INPUT MATERIAL: Begin

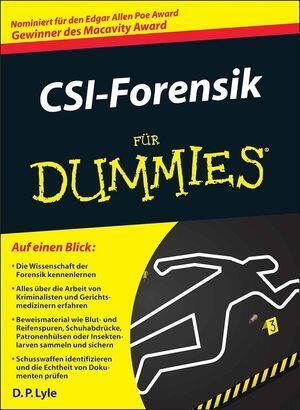 Cover: 9783527704699 | CSI-Forensik für Dummies | Douglas P. Lyle | Taschenbuch | für Dummies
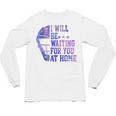 I Will Be Waiting For You At Home Baseball Softball Catcher Unisex Long Sleeve T-Shirt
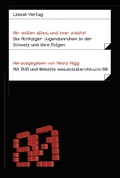 Cover: Wir wollen alles, und zwar subito! - Limmat Verlag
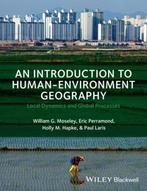 9781405189323 An Introduction to Human-Environment Geography, Verzenden, Nieuw, William G. Moseley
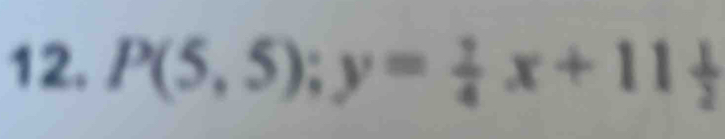 P(5,5); y= 1/4 x+11 1/2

INPUT MATERIAL: End

(ASSIGNMENT):
Everything in the data must be printed verbatim except the pictures.

(TASK SOLUTION):
 Cover: 9783527704699 | CSI-Forensik für Dummies | Douglas P. Lyle | Taschenbuch | für Dummies
 I Will Be Waiting For You At Home Baseball Softball Catcher Unisex Long Sleeve T-Shirt
 Cover: Wir wollen alles, und zwar subito! - Limmat Verlag
 9781405189323 An Introduction to Human-Environment Geography, Verzenden, Nieuw, William G. Moseley
 P(5,5); y= 1/4 x+11 1/2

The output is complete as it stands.